#### Aim of the exercise:
Only the lines from the one containing "195 Romain Crescent, Oakville, ON" to the end of the records belong in the copy. Reproduce them word for word and drop the pictures.

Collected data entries
══════════

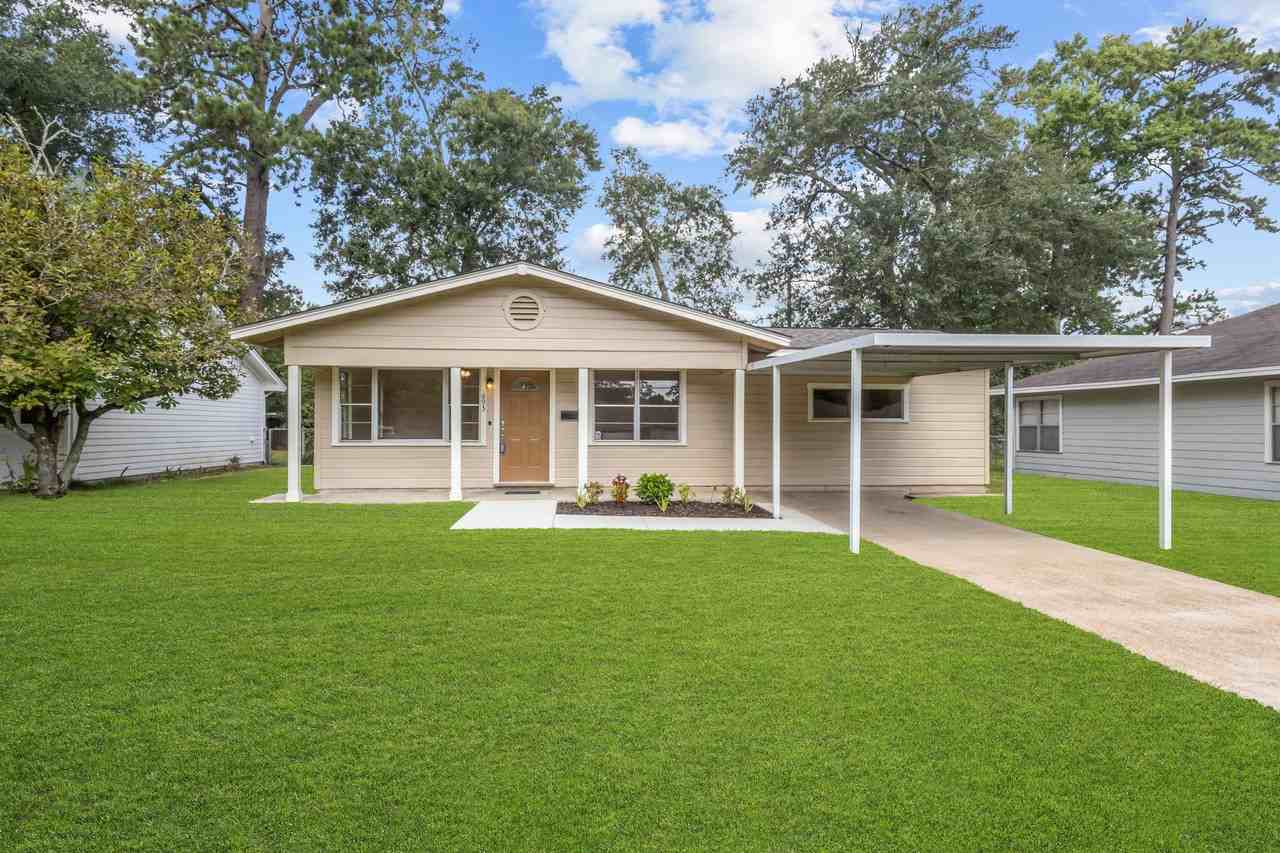 695 Callaway Dr - Photo 2 of 39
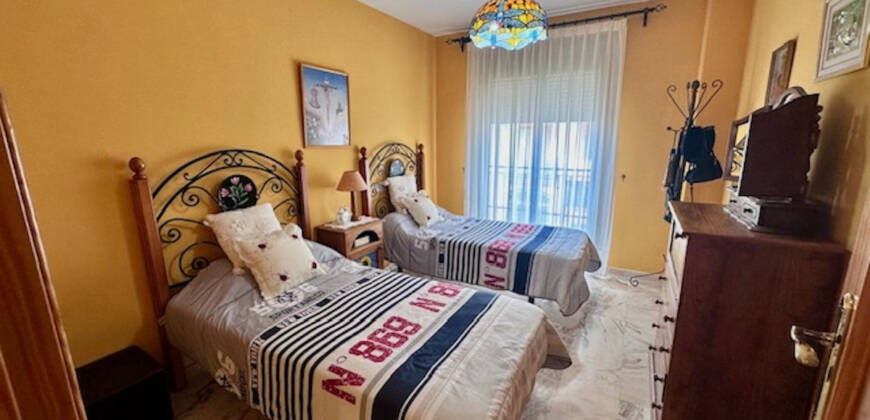 Magnifica casa adosada ubicada en Cancelada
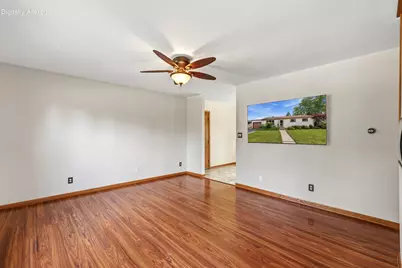 9117  Boys Dr, Sturtevant, WI 53177 - Photo 5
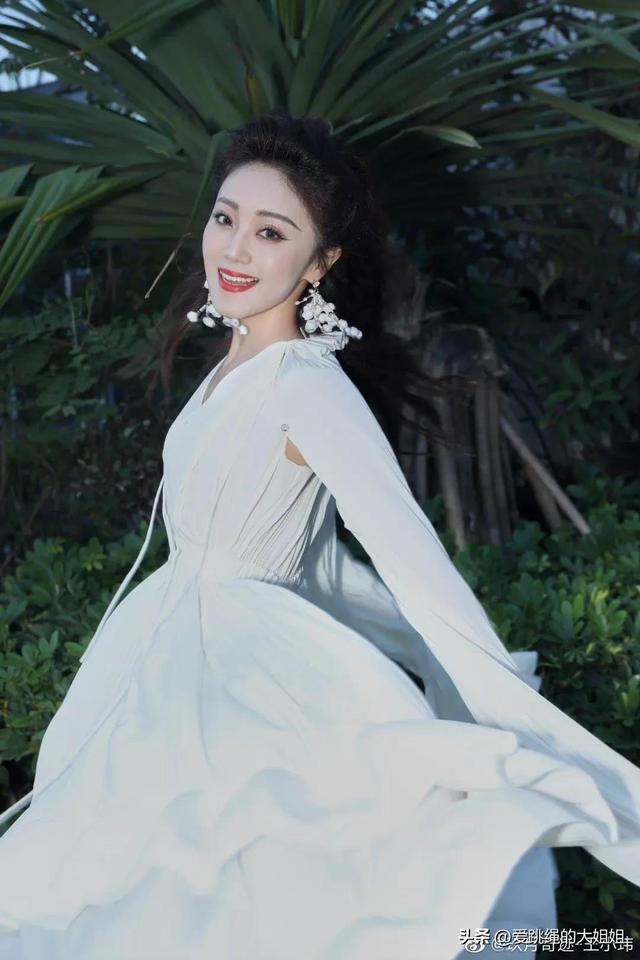 气质美女王小玮,琴键上的舞蹈家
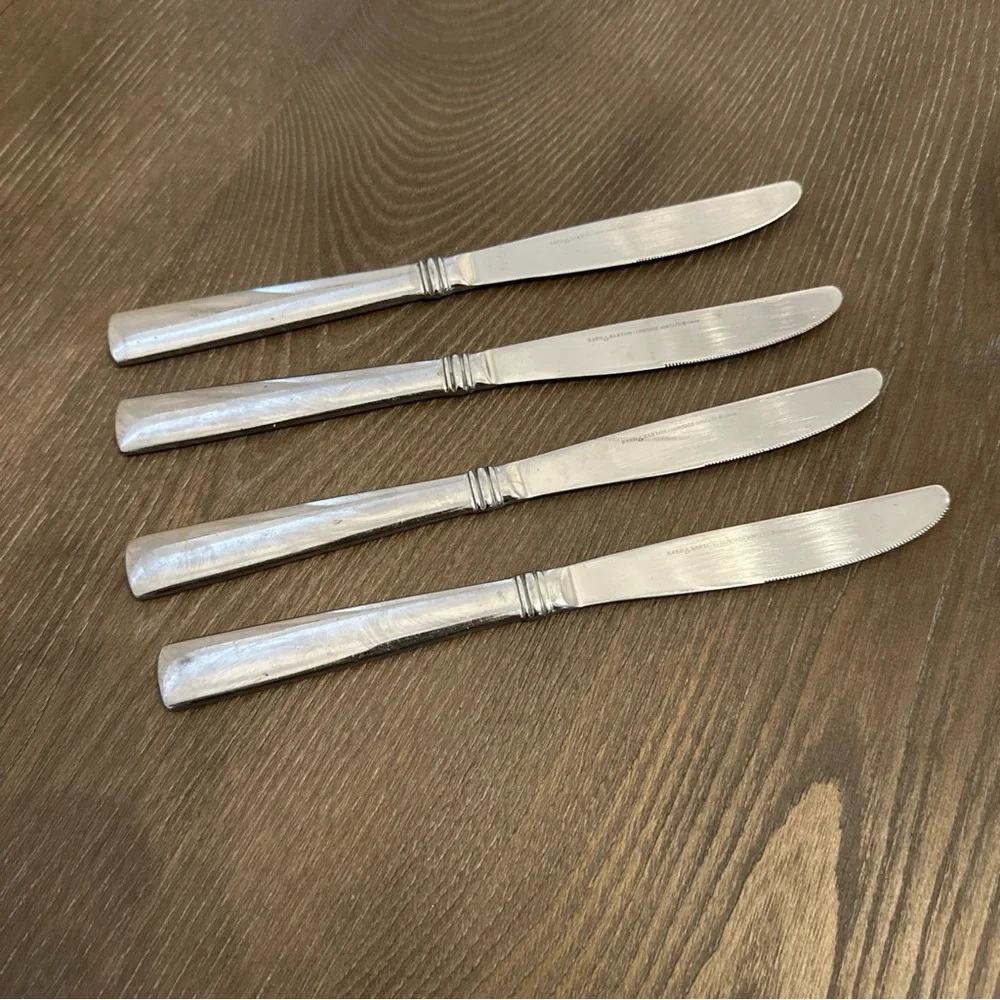 Set of 4 Reed & Barton Regent Heritage Mint Solid‎ Handle Dinner Knifes Flatware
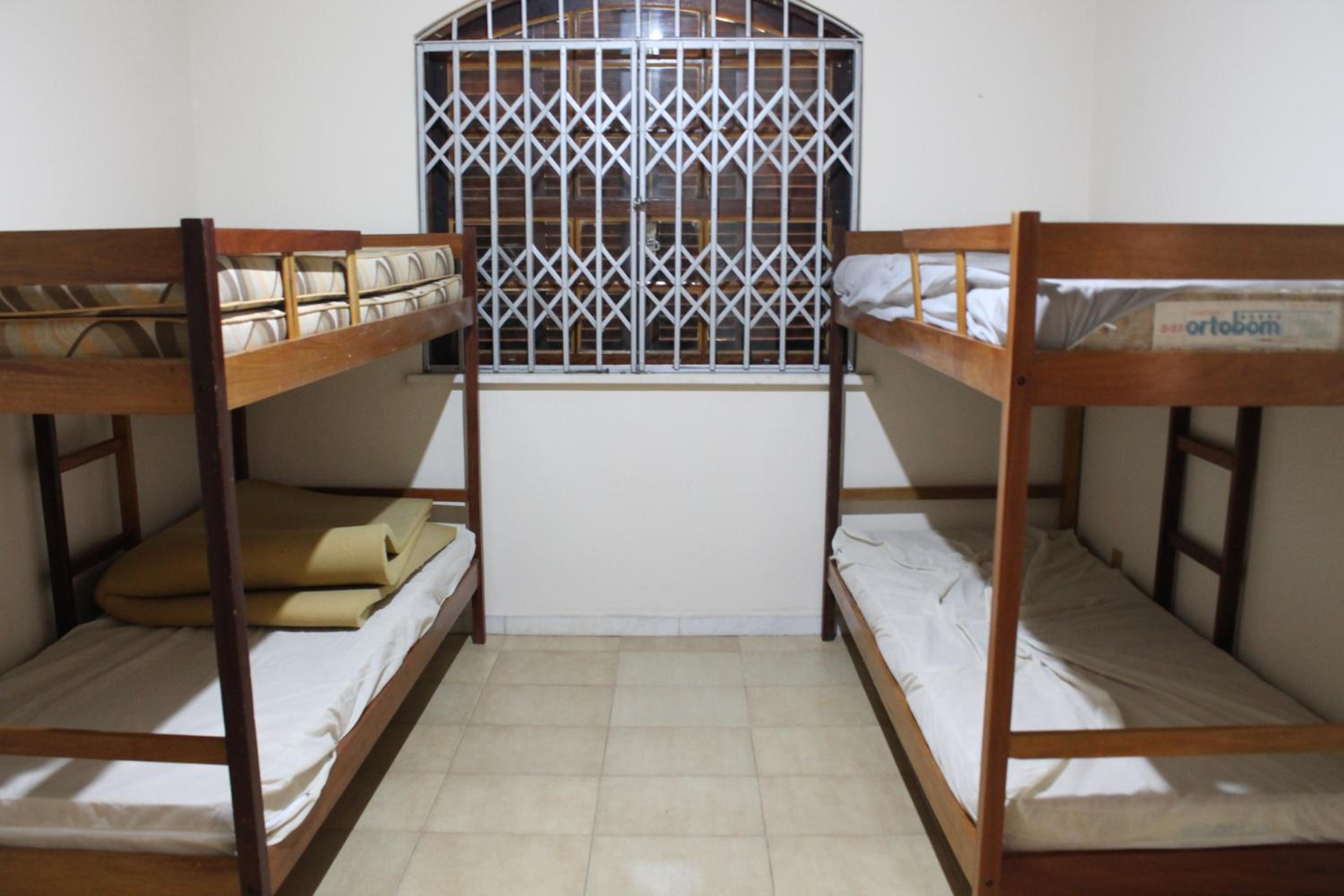 Casa muito espaçosa privativa com Piscina, Churrasqueira e área gourmet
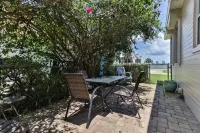 Cozy Cottage on the River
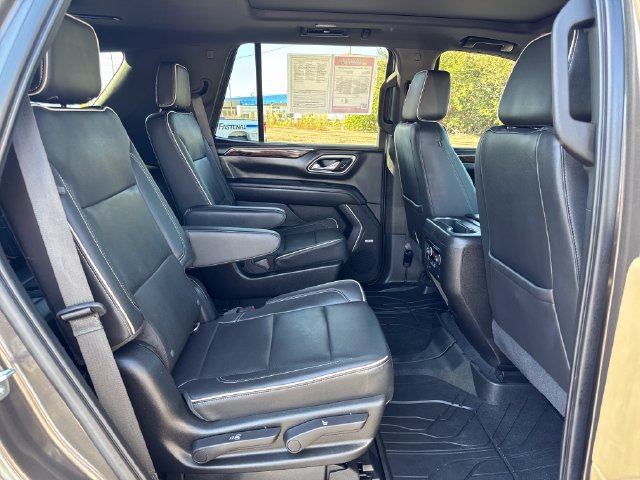 Used 2021 Chevrolet Tahoe Premier w/ Premium Package AWD/4WD image 33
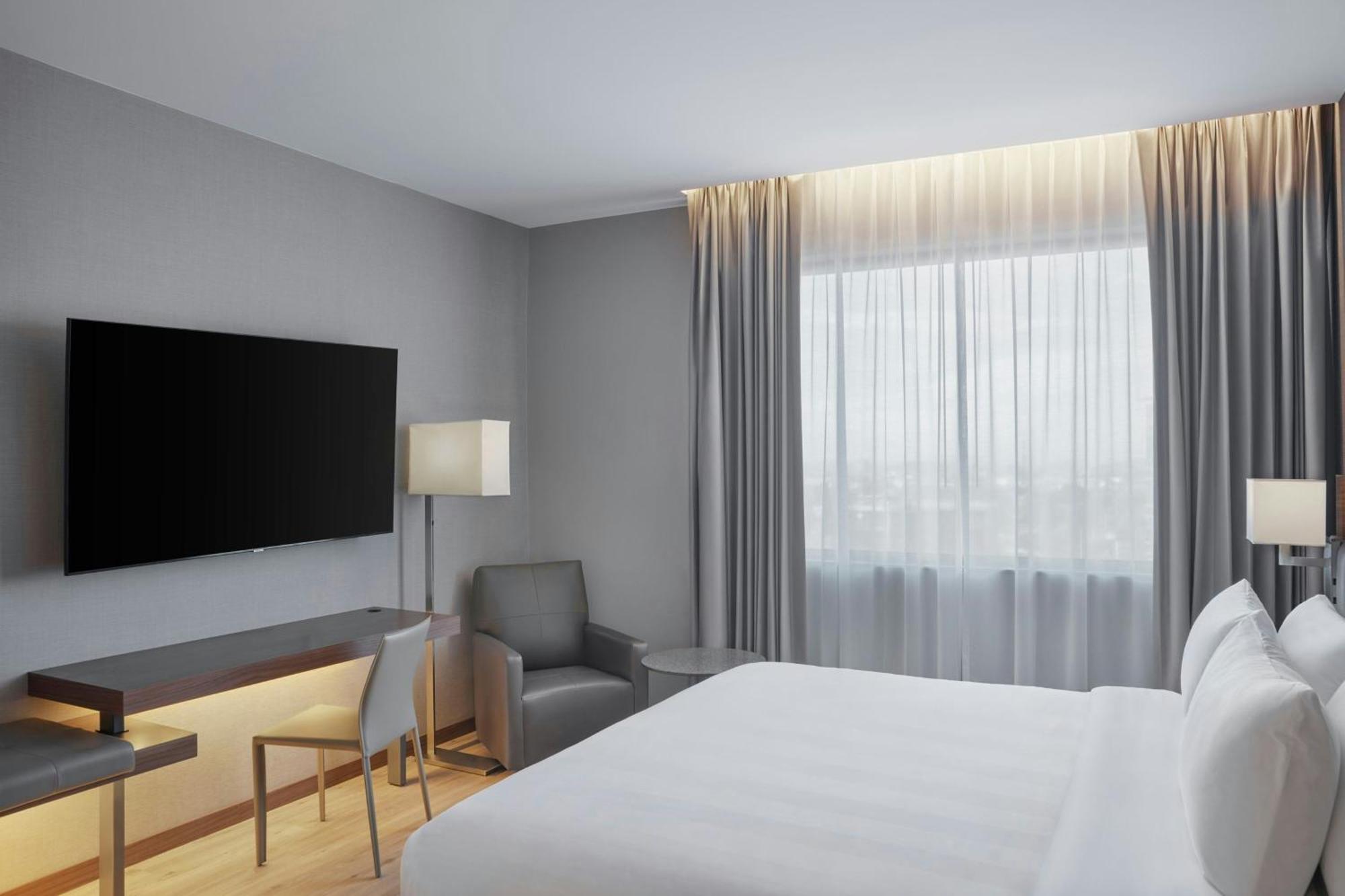 Ac Hotel By Marriott Saltillo Exterior foto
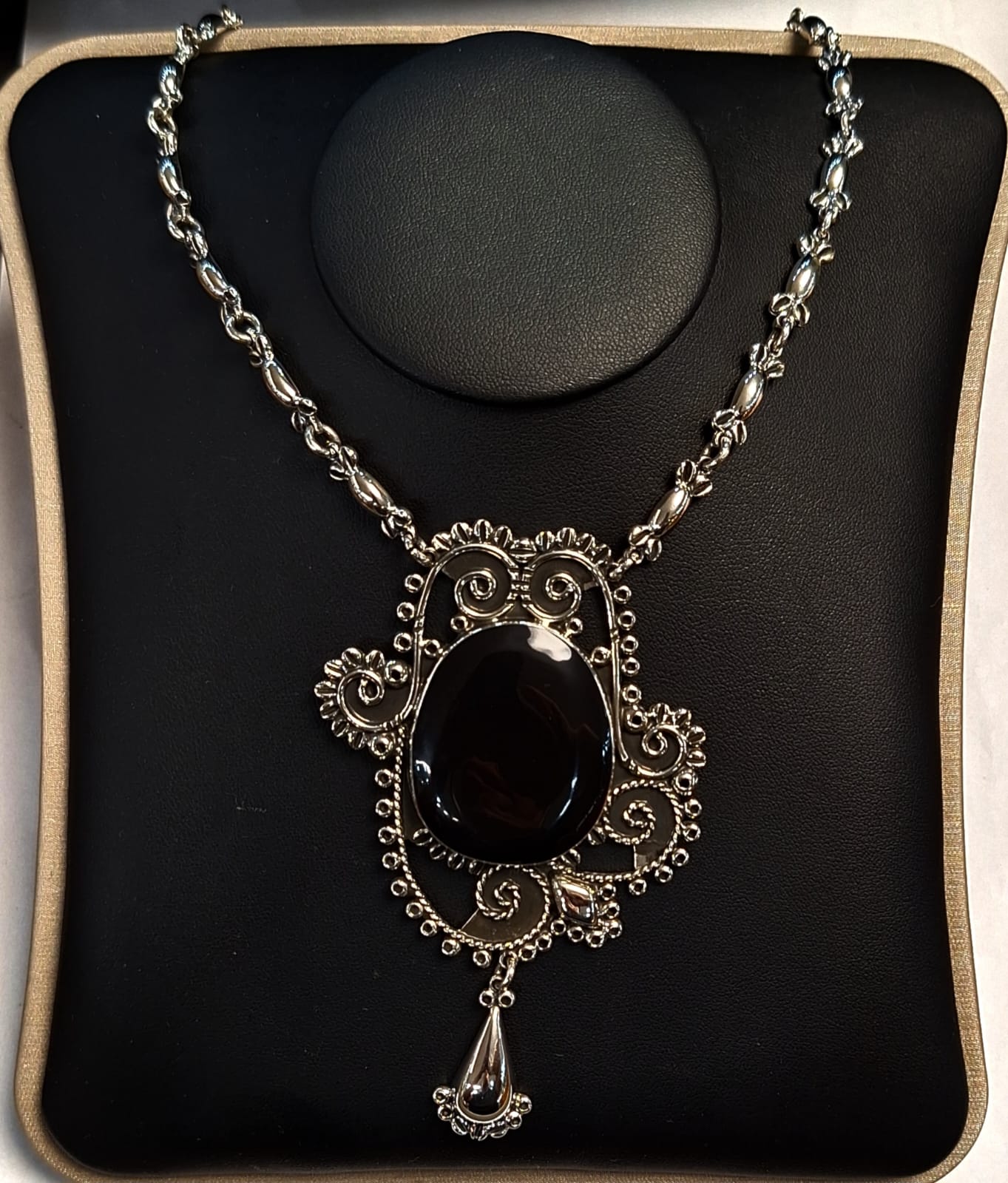 COLLAR VINTAGE CON INCRUSTACION DE OBSIDIANA EN PLATA LEY 950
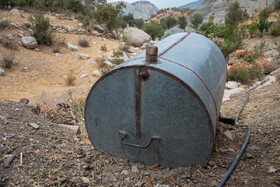 برخی از روستاییان برای ذخیره آب از تانکر‌های آب در نزدیکی منازل خود استفاده می‌کنند. 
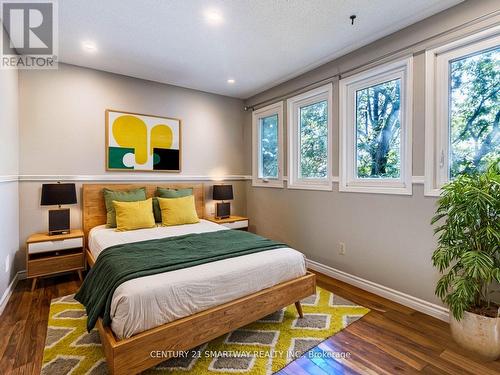 195 Romain Crescent, Oakville, ON - Indoor Photo Showing Bedroom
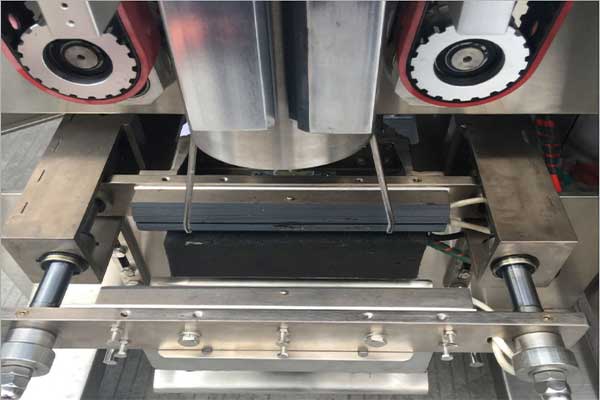 立式91麻豆免费视频网站的操作步骤及注意事项对于设备操作人员至关重要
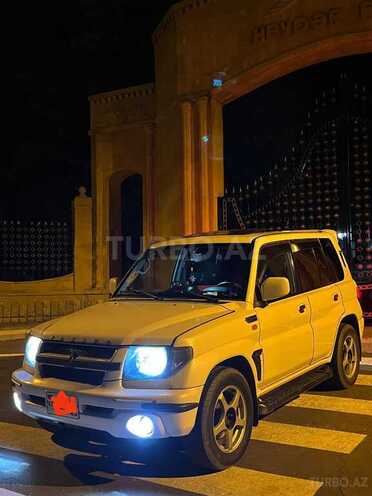 Mitsubishi Pajero io 2001, 279,000 km - 1.8 l - Zaqatala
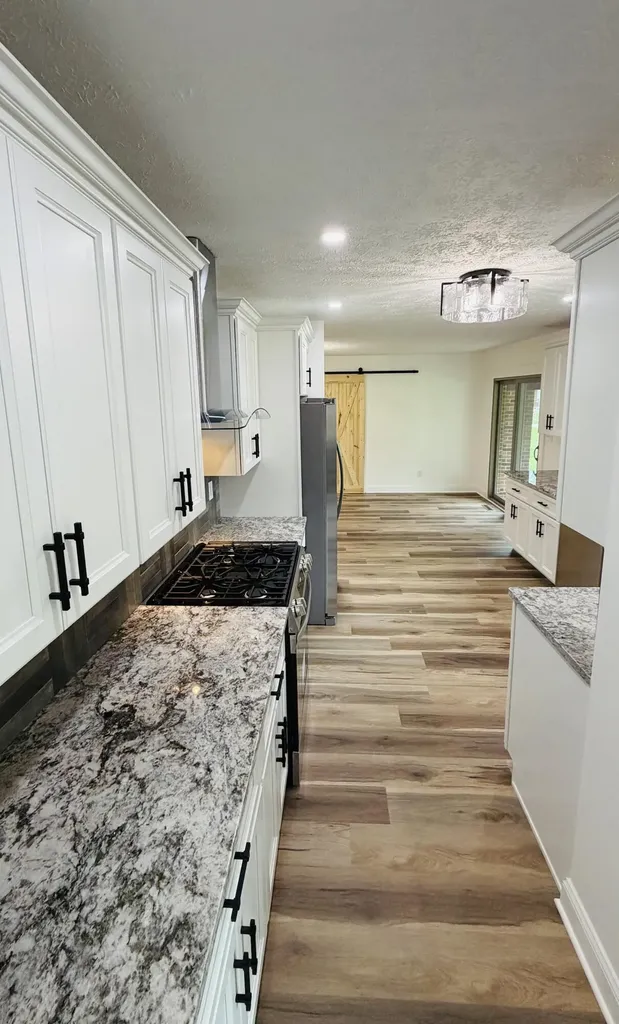 105 Geneva Avenue Irvine KY 40336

══════════

#### Output below:
 195 Romain Crescent, Oakville, ON - Indoor Photo Showing Bedroom
 立式91麻豆免费视频网站的操作步骤及注意事项对于设备操作人员至关重要
 Mitsubishi Pajero io 2001, 279,000 km - 1.8 l - Zaqatala
 105 Geneva Avenue Irvine KY 40336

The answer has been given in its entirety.